The project is the first of its kind globally for a waste-to-energy plant and comes after Aker Solutions in December signed a contract with the city government. The project is funded by Gassnova, the state enterprise that supports the development and demonstration of technologies to capture carbon dioxide (CO2).
“This is pioneering work with significant potential as the world focuses on finding ways to limit carbon emissions,” said Valborg Lundegaard, head of Aker Solutions’ engineering business. “As such, this pilot project is of international importance.”
Carbon capture and storage (CCS) is an important tool in reducing CO2 emissions and curtailing global warming. The test will be a key element in qualifying Aker Solutions’ amine-based CO2 capture technology for commercial application at waste-to-energy plants globally. There are about 450 such plants in operation in Europe and about 700 globally.

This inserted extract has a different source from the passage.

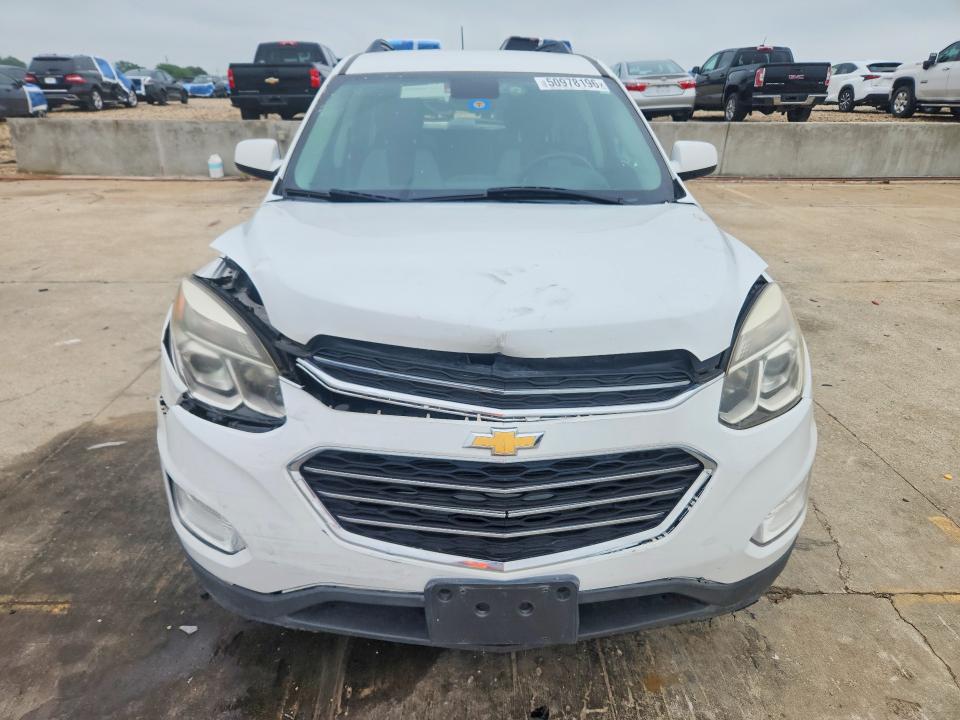 2017 Chevrolet Equinox VIN 2GNALCEK1H1513059 COPART salvage auction — FRONT END, Tx - Salvage Vehicle Title, sold $1,400 on 2026-07-09 (photo 5)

“We see potential in this market across the world,” said Lundegaard.
The test will be conducted using the company’s mobile test unit for carbon capture. The gas released from Klemetsrud contains about 10 percent CO2 and is treated in several steps before it enters the mobile unit. Klemetsrud, which gets a majority of its feedstock from biomass, emits about 300,000 tons of CO2 per year.
“We expect to capture up to 90 percent of the CO2,” said Oscar Graff, Head of CCS at Aker Solutions. “The tests will verify important operating parameters such as energy consumption, solvent degradation, losses and required solvent make-up.”